Predicted secondary and tertiary structures for individual sncRNA sequences. (A) miR-1, (B) tsRNA-Gly-GCC, and (C) rsRNA-28s. RNAstructure (177) and RNAComposer (178) were used to predict the secondary and tertiary structure of the sncRNAs, respectively. The forna tool (part of ViennaRNA) (179) and UCSF Chimera (180) were used to visualize the secondary and tertiary structure, respectively. The standard free energy difference (ΔG° value in kcal/mol) between the folded and unfolded forms of the RNA, predicted at 37 °C, is also presented. Notably, the positive ΔG° for miR-1 suggests a preference for unfolded state. Nevertheless, miR-1 has been reported to act as an aptamer by binding with the potassium channel Kir2.1 to change channel activity (135). This suggests that small RNAs can function as aptamers even through their linear form, further underscoring the versatility of aptamer-like functions for small RNAs. rsRNA, rRNA-derived small RNA; sncRNA, small noncoding RNA; tsRNA, tRNA-derived small RNA.

Figure 5

Different modes of sncRNA function, using linear base pairing, 3D structure-based aptamer function, and a combination of both.A, complementarity to target sequence without protein binding.
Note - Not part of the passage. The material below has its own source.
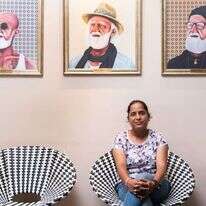 סומאן גוואני, אברהם הוסטל. | אביטל הירש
B, protein-assisted RNAi-based linear base pairing. C, binding with protein using a 3D structure as an aptamer. Note that the sncRNA can fold either on its own or multimerize with other RNAs to form higher-order structures for binding activity. D, combination of linear base pairing and aptamer-like function with different domains. For a single sncRNA, the listed functional modes might be interchangeable under different subcellular environments (e.g., cytoplasmic, nuclear, and mitochondrial) and induced by specific local factors. RNP, ribonucleoprotein; sncRNA, small noncoding RNA.